The Stern case is just the most recent lawsuit that highlights a clear message: Fiduciaries cannot remain passive. They must demand cost transparency from PBMs and TPAs, retain audit rights, benchmark pricing, and be prepared to renegotiate or terminate contracts that do not align with their legal obligations to plan participants.
Conclusion
The growing body of ERISA fiduciary breach litigation illustrates the heightened legal and operational risk associated with PBM and TPA contracts. These cases make clear that ERISA fiduciaries must proactively manage their healthcare plan vendors with the same rigor applied to retirement plan governance.
Plan sponsors should take immediate steps to evaluate, negotiate, and monitor TPA and PBM agreements, and to ensure they have audit rights, clear pricing structures, rebate transparency and benchmarking protocols. In today’s environment, vigilance is not optional — it is the defining characteristic of fiduciary prudence. Sponsors that act decisively will protect not only their participants, but also their organizations from costly litigation and reputational harm.

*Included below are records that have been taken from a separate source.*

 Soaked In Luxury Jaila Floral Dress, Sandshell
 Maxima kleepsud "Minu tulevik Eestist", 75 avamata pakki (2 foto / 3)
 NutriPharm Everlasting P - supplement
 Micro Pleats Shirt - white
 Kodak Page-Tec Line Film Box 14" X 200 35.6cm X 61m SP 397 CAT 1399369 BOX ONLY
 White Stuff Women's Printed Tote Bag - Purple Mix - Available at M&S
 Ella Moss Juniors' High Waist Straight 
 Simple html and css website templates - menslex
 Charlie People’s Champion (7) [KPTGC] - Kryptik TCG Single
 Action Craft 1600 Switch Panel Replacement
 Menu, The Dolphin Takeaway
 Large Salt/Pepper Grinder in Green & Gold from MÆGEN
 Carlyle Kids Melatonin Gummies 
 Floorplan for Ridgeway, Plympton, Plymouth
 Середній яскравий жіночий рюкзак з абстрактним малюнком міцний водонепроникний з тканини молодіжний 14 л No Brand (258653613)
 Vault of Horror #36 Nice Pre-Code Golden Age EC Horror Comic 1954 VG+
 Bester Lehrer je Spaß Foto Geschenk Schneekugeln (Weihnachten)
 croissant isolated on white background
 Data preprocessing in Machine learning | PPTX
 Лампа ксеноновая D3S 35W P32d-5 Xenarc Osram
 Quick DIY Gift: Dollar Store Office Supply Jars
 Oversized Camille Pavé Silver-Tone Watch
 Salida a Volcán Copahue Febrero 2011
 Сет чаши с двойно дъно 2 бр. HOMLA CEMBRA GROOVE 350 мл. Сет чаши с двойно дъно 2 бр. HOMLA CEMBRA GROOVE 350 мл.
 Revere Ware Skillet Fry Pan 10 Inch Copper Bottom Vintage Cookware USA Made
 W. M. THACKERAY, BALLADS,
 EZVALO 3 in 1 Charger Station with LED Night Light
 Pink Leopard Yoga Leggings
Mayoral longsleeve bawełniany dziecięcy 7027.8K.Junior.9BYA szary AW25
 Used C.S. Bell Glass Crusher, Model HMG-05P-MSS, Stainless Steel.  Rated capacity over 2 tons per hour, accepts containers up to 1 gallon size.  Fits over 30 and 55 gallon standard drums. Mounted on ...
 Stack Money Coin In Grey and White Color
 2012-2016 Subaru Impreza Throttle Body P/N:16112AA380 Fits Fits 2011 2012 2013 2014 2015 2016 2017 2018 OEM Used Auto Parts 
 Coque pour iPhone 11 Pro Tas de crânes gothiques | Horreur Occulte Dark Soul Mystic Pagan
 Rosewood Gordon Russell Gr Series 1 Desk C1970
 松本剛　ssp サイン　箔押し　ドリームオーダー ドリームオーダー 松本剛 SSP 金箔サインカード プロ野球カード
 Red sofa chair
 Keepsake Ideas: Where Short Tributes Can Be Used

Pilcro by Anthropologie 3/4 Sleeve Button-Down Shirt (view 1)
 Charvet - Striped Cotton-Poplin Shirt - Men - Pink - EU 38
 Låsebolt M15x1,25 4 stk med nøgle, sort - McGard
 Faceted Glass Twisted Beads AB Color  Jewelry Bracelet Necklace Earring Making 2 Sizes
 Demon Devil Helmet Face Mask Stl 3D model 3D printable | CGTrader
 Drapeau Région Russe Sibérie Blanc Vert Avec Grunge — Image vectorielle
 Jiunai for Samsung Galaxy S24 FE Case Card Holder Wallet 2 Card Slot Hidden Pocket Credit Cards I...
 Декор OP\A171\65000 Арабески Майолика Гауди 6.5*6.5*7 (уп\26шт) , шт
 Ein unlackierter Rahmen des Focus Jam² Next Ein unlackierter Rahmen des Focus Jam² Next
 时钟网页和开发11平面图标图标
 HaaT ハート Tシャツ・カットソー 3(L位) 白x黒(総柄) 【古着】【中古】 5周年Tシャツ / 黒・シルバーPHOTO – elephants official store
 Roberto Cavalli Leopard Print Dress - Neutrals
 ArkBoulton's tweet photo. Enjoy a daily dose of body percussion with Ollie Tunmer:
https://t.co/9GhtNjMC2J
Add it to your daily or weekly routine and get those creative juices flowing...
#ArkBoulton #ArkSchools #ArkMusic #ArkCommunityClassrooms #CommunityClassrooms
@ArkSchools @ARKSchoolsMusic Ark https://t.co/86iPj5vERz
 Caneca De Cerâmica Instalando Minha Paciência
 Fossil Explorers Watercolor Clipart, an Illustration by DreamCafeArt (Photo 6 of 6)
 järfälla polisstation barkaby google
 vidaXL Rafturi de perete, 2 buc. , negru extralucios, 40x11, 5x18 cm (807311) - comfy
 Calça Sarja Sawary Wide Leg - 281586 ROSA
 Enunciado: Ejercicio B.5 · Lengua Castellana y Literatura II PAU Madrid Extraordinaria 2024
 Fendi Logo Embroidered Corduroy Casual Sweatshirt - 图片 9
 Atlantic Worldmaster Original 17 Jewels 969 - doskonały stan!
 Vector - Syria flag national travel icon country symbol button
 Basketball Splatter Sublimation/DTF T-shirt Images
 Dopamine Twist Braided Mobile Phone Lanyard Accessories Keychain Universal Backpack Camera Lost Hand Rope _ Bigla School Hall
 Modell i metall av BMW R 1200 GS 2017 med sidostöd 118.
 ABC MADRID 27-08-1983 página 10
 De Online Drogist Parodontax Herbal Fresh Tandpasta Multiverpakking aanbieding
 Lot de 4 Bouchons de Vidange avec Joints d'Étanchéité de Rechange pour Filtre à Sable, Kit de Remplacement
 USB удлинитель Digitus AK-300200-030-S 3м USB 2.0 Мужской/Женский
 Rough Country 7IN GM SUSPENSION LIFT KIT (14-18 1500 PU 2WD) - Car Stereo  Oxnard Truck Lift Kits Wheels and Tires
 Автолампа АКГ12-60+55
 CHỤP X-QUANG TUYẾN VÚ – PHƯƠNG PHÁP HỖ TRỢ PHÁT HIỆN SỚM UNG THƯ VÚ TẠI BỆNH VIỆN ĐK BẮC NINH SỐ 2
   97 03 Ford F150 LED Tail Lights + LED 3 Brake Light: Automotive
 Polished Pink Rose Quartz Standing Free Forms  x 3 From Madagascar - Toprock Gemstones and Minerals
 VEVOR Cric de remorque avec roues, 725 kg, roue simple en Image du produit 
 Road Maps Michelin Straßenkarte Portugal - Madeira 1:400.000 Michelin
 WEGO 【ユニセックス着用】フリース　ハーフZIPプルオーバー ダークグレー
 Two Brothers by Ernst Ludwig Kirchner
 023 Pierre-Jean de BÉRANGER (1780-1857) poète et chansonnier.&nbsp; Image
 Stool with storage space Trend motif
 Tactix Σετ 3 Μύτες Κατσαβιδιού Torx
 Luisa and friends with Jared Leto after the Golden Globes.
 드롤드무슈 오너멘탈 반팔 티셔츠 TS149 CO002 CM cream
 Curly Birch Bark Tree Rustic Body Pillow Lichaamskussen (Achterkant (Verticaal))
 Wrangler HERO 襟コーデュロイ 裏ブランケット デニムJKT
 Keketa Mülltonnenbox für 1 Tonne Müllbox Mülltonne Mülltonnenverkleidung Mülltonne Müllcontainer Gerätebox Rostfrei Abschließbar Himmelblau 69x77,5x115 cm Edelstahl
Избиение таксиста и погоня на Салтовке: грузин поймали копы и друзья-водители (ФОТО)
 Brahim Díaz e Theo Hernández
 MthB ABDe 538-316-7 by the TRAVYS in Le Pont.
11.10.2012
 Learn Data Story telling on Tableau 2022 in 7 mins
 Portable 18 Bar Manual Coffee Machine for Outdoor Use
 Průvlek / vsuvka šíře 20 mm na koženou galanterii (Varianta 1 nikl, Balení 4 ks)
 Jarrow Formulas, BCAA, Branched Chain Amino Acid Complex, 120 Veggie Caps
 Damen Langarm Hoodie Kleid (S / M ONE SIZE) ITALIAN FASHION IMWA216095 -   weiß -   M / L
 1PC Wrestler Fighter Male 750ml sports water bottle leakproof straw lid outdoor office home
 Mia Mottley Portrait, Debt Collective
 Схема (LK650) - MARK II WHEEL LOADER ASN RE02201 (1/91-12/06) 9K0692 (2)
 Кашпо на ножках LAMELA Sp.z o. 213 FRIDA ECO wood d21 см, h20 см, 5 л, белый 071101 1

Anne Tyler Hall is a founder and managing partner at Hall Benefits Law.
Tim Kennedy is a partner at the firm.
The opinions expressed are those of the author(s) and do not necessarily reflect the views of their employer, its clients, or Portfolio Media Inc., or any of its or their respective affiliates. This article is for general information purposes and is not intended to be and should not be taken as legal advice.
[1] Stern et al. v. JPMorgan Chase & Co. et al., Docket No.: 1: 25-cv-02097 (S.D.N.Y.).
[2] The Top 10 ERISA settlements in 2023, with the majority of these cases involving allegations of a fiduciary breach, totaled more than $500 million.
[3] Sweda v. University of Pennsylvania, No. 17-3244 (3rd Cir. 2019).